■ **Work instruction**
Your copy must start with the line containing "gym featuring a paneled ceiling" and end with the last line of the entries, matching them exactly and leaving out every picture.

(Short text fragments from websites)
-------------------------

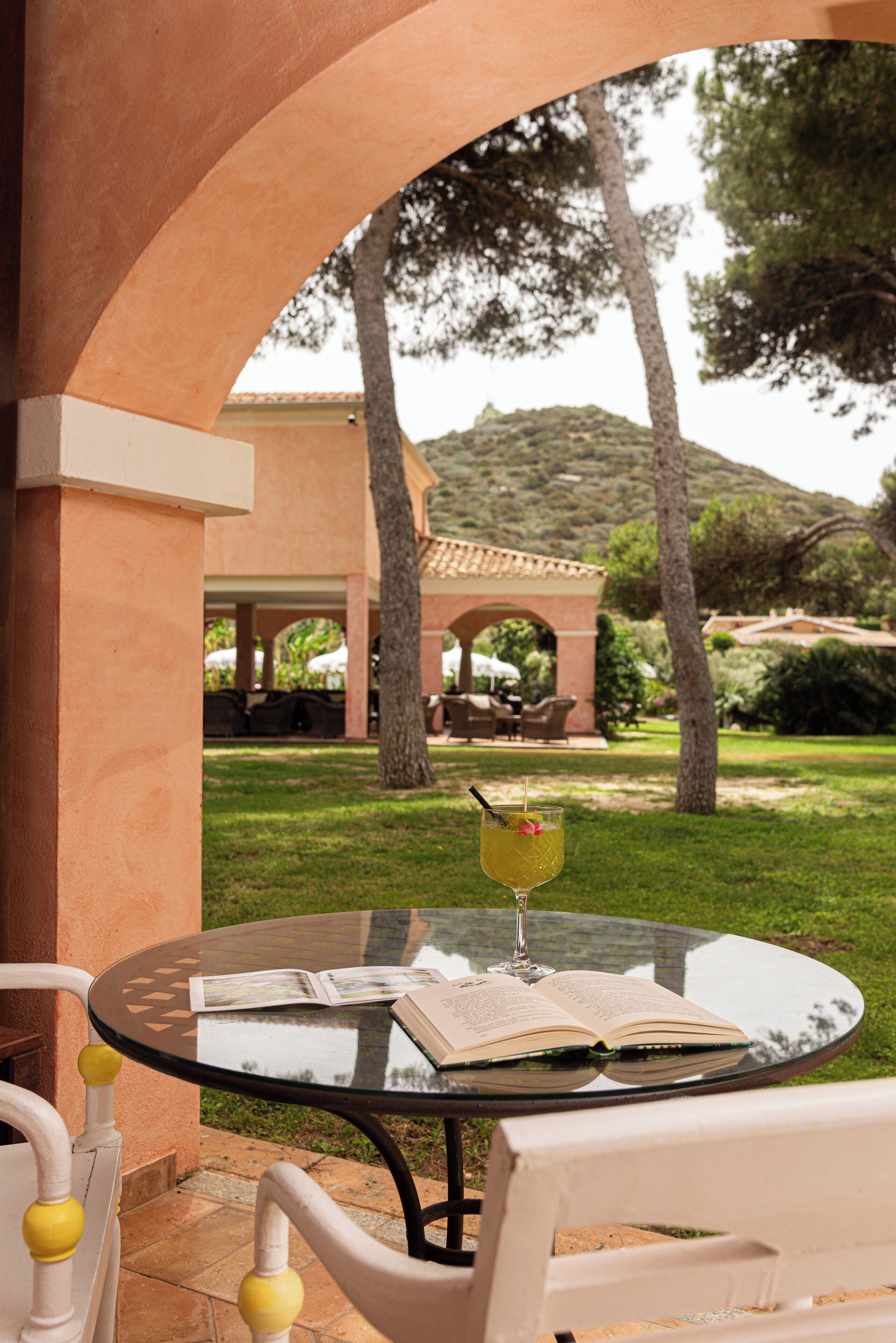 A glass table with an open book and a drink, set in a covered outdoor area with chairs and a view of a building and trees.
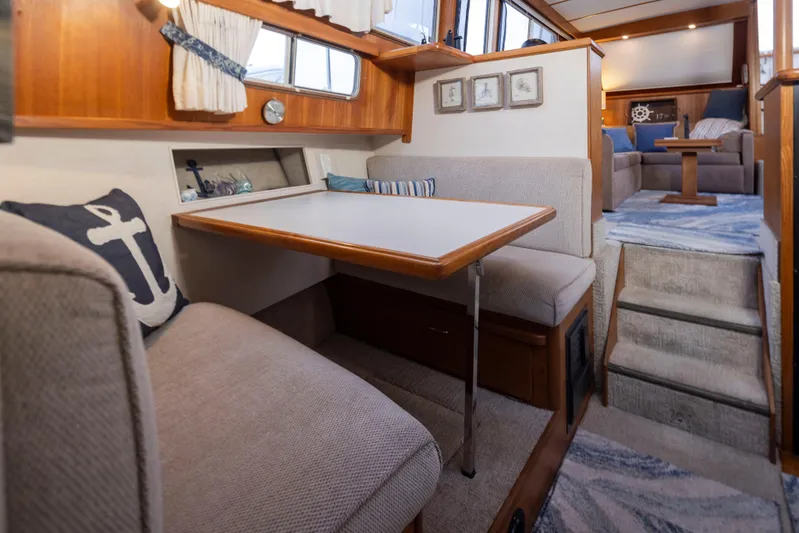 Graceful Spirit Yacht Photos Pics Interior of 1990 Tollycraft 44 Cockpit Motor Yacht with cozy dining area and nautical decor.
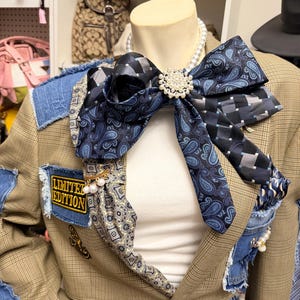 May include: A tan plaid blazer featuring denim patches, a large bow made from blue paisley and checkered neckties, a white pearl necklace, and a gold-tone brooch with pearls. A patch with the text LIMITED EDITION is sewn onto the denim.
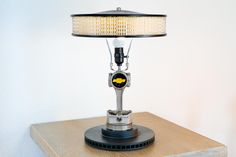 a lamp sitting on top of a wooden table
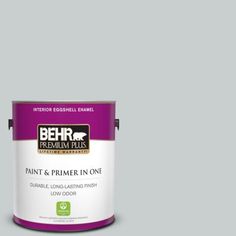 a can of behr premium plus paint and primer in one on a blue background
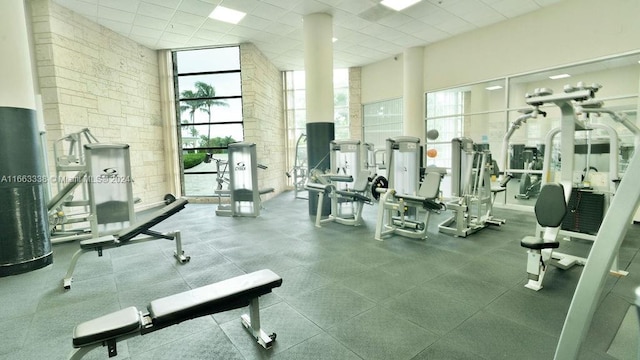 gym featuring a paneled ceiling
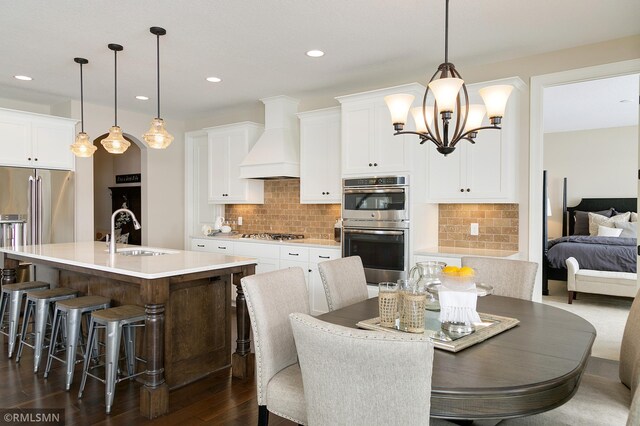 interior space featuring hanging light fixtures, premium range hood, decorative backsplash, and a kitchen island with sink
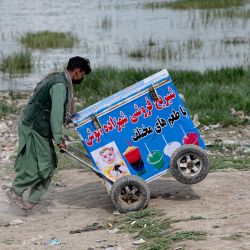 Un vendedor de helados afgano empuja su carrito mientras busca clientes cerca del lago Shuhada, en Kabul. | Foto:WAKIL KOHSAR / AFP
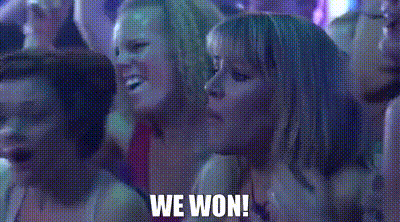 A Group Of Women Are Sitting In A Dark Room With The Words `` We Won '' Written On The Screen . GIF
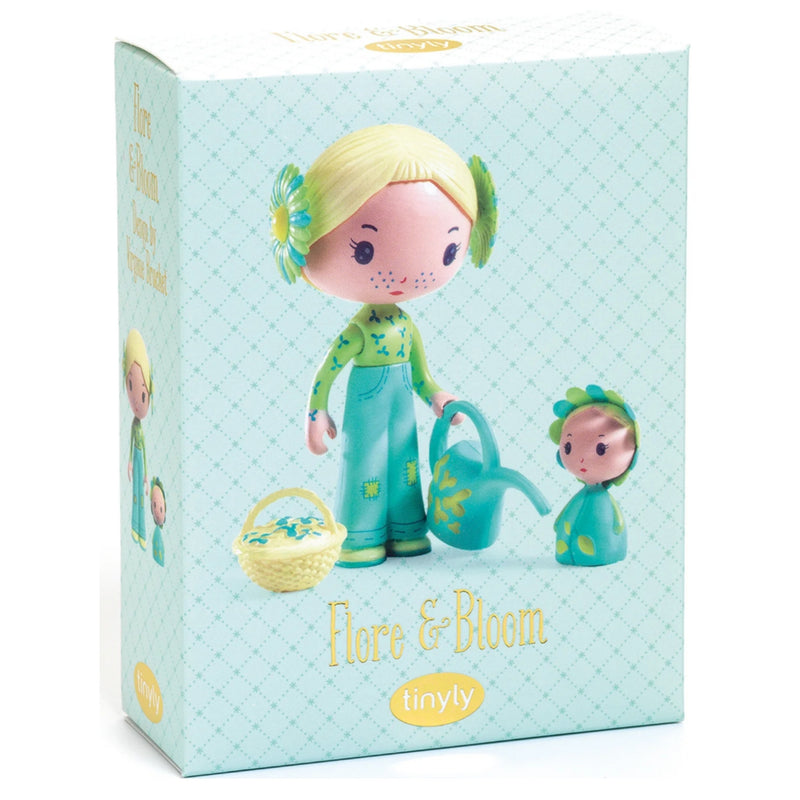 Tinyly 'Flora & Bloom' doll set in its original packaging, featuring a blonde doll in green overalls holding a watering can and next to a small doll, on a white background.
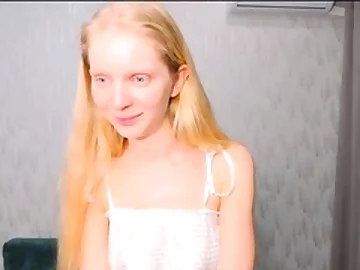 Tiny blonde teen porks her pussy with toys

-------------------------

■ **Exercise answer**
 gym featuring a paneled ceiling
 interior space featuring hanging light fixtures, premium range hood, decorative backsplash, and a kitchen island with sink
 Un vendedor de helados afgano empuja su carrito mientras busca clientes cerca del lago Shuhada, en Kabul. | Foto:WAKIL KOHSAR / AFP
 A Group Of Women Are Sitting In A Dark Room With The Words `` We Won '' Written On The Screen . GIF
 Tinyly 'Flora & Bloom' doll set in its original packaging, featuring a blonde doll in green overalls holding a watering can and next to a small doll, on a white background.
 Tiny blonde teen porks her pussy with toys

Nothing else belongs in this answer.